По русской традиции, он называет Константинополь Царьградом. Однако в дневнике записывает: «Мне кажется, что российским словом Царьград все сказано, что только сказать о таком месте можно: но, по нынешнему строению и образу жизни людей, можно справедливее сказать Царь-[21]место»[79]. Он приводит Львову курьезный случай с английским путешественником, который «не сходя с корабля своего проехал канал до самого устья его черноморского, поворотил и проехал Царьград вторично, и совсем опять в Белое море убрался; а в Царьград ни ногой, что бы после большого прекрасного зрелища не увидеть низкое и гнусное игрище»[80]. Босфор и Дарданеллы потрясли и воображение Хемницера.
«Канал Цареградской! что это за вид! <...> ...описать не можно: а надобно его чудо видеть»[81], – сообщает он Львову. Однако в дневнике баснописец сумел колоритно, емко, почти с операторской выразительностью дать картину «величественного вида» пролива, соединяющего «Черное море с Мраморным и Мраморное с Средиземным». «Подъезжая морем верст за сто начинают уже показываться страшные те возвышения и горы, с обеих сторон его вмещающие. <...> При каждом повороте канала сцена вообще переменяется и все величественнее становится. Горы, из-за гор видимые, больше и меньше ясны за воздухом, по мере большей или меньшей отдаленности, кажутся беспрерывно продолжающимися. ...Кажется, что природа в рассуждении величественного и разнообразием поражающего вида, все свои силы истощила на сие место. Сады, по чрезвычайной величине кедровых, а особливо кипарисных дерев и даже лавровых, кажется, существованием своим напоминают о первоначальных временах миросоздания»[82].
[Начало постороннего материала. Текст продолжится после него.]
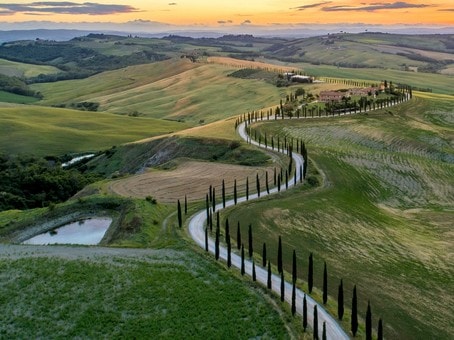 Guided tours in Tuscany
Хемницер смотрит на Порту, ее столицу и народ глазами человека своего времени и своей среды – образованного российского дворянства эпохи Просвещения. Безо всякой конфессиональной враждебности и даже без особого гонора европейца воспринимает он нравы, образ жизни и традиции магометан. Его избирательный взгляд останавливается на государственных учреждениях и главных культовых зданиях, причем как христианских святынях, так и мусульманских мечетях. Малоазийское побережье, восхитившее Хемницера своей яркой природой, актуализирует его представления не столько о былом величии православной Византии, сколько об античном прошлом этих земель. Когда «...дошли до берега славной Трои, <...> ...не без движения я остался»[83]. Такой ракурс восприятия ни в коей мере не связан с лютеранским вероисповеданием Хемницера, а напротив, объясняется его [22] принадлежностью к культурному пространству русского XVIII века, которое структурировалось вокруг античных образов. Взметнувшиеся обелиски, грянувшие оды и гимны, специально отчеканенные монеты, вспыхнувшие фейерверки в честь торжества победы над Портой также воспроизводили стилистику Древней Греции и Рима. Завоеванный Крым должен был превратиться по воле екатерининских придворных в новое Понтийское царство с Севастополем вместо Ахтияра, Симферополем вместо Ахт-Мечети и Феодосией вместо Кафы[84].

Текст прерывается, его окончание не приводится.